- Relator(a)
- Ministra Maria Thereza de Assis Moura
- Órgão julgador
- Sexta Turma
- Data do julgamento
- 24/10/2013
- Data de publicação
- 05/11/2013
STJ – Acórdão, Rel. Ministra Maria Thereza de Assis Moura, Sexta Turma, j. 24/10/2013, p. 05/11/2013
HABEAS CORPUS. PRISÃO PREVENTIVA. RECEPTAÇÃO E ADULTERAÇÃO DE SINAL IDENTIFICADOR DE VEÍCULO AUTOMOTOR. REITERAÇÃO DELITIVA. FUNDAMENTAÇÃO IDÔNEA PARA A SEGREGAÇÃO. EXCESSO DE PRAZO. INOCORRÊNCIA. PLURALIDADE DE RÉUS. NECESSIDADE DE EXPEDIÇÃO DE CARTAS PRECATÓRIAS. COMPLEXIDADE DA CAUSA. VIA INDEVIDAMENTE UTILIZADA EM SUBSTITUIÇÃO A RECURSO ORDINÁRIO. AUSÊNCIA DE ILEGALIDADE MANIFESTA. NÃO CONHECIMENTO. 1. É imperiosa a necessidade de racionalização do emprego do habeas corpus, em prestígio ao âmbito de cognição da garantia constitucional, e, em louvor à lógica do sistema recursal. In casu, foi impetrada indevidamente a ordem como substitutiva de recurso ordinário. 2. Hipótese em que não há flagrante ilegalidade a ser reconhecida.
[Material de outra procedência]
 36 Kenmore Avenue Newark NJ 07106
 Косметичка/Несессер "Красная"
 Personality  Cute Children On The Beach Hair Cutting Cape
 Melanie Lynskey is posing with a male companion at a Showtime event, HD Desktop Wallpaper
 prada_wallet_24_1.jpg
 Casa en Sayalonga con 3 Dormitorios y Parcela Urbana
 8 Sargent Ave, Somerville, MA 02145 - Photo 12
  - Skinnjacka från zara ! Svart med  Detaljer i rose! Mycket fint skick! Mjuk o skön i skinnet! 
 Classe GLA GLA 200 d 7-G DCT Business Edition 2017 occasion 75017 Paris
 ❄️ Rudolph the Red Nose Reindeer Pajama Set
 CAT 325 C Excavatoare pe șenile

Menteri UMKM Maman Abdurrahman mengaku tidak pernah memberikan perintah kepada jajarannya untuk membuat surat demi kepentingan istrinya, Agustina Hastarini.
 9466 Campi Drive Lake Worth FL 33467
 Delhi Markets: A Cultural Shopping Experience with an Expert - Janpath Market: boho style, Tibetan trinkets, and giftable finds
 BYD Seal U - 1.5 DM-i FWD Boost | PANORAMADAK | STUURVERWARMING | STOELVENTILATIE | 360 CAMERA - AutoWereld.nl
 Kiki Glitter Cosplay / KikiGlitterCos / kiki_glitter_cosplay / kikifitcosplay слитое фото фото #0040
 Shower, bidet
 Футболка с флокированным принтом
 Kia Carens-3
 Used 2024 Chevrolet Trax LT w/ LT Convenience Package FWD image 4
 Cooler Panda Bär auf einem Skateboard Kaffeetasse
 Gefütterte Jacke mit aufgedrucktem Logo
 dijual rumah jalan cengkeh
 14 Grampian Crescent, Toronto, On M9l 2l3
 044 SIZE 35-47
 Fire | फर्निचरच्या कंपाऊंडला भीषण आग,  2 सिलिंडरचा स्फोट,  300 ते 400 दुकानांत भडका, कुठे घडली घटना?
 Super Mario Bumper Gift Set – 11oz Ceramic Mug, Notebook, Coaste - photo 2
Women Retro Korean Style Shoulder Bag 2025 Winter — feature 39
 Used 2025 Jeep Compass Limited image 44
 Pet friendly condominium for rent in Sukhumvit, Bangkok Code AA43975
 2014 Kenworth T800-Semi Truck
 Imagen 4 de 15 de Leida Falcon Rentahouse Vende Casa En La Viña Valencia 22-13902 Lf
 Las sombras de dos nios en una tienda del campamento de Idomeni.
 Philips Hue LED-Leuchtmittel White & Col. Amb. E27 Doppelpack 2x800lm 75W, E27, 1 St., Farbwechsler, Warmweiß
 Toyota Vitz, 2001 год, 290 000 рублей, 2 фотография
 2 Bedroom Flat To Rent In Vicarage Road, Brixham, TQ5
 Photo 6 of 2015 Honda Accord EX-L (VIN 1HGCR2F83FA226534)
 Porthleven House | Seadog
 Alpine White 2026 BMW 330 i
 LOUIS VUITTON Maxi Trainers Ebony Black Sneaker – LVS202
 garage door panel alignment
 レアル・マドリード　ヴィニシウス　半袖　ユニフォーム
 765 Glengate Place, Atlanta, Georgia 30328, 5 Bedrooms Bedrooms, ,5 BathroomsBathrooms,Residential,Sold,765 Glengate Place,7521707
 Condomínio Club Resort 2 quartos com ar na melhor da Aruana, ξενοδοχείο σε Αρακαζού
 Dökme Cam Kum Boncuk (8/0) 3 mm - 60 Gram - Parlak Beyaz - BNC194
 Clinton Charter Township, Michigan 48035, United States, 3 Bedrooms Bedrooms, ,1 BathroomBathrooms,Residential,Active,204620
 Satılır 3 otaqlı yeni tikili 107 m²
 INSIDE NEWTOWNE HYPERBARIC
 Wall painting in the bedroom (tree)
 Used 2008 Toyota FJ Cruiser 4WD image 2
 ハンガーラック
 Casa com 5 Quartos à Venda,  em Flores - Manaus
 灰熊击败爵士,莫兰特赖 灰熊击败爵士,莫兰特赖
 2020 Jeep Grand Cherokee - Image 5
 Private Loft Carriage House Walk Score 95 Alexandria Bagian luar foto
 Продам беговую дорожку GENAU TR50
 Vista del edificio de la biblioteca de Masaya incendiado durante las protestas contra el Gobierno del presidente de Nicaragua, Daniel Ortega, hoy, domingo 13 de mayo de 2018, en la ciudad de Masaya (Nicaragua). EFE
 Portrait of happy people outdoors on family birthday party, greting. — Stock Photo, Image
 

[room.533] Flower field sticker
A custódia cautelar foi decretada para o resguardo da ordem pública, em razão dos diversos antecedentes criminais do paciente, com envolvimentos em roubos e tráfico de drogas, tudo a evidenciar a reiteração na prática de crimes. 3. Envolvendo o processo pluralidade de réus (três), com defensores diferentes, além de providências várias que se fazem necessárias, como a expedição de cartas precatórias e produção de diversas provas, torna-se razoável delonga no procedimento, excedendo-se a mera soma aritmética dos prazos processuais. 4. Habeas corpus não conhecido. (HC n. 276.238/SP, relatora Ministra Maria Thereza de Assis Moura, Sexta Turma, julgado em 24/10/2013, DJe de 5/11/2013.)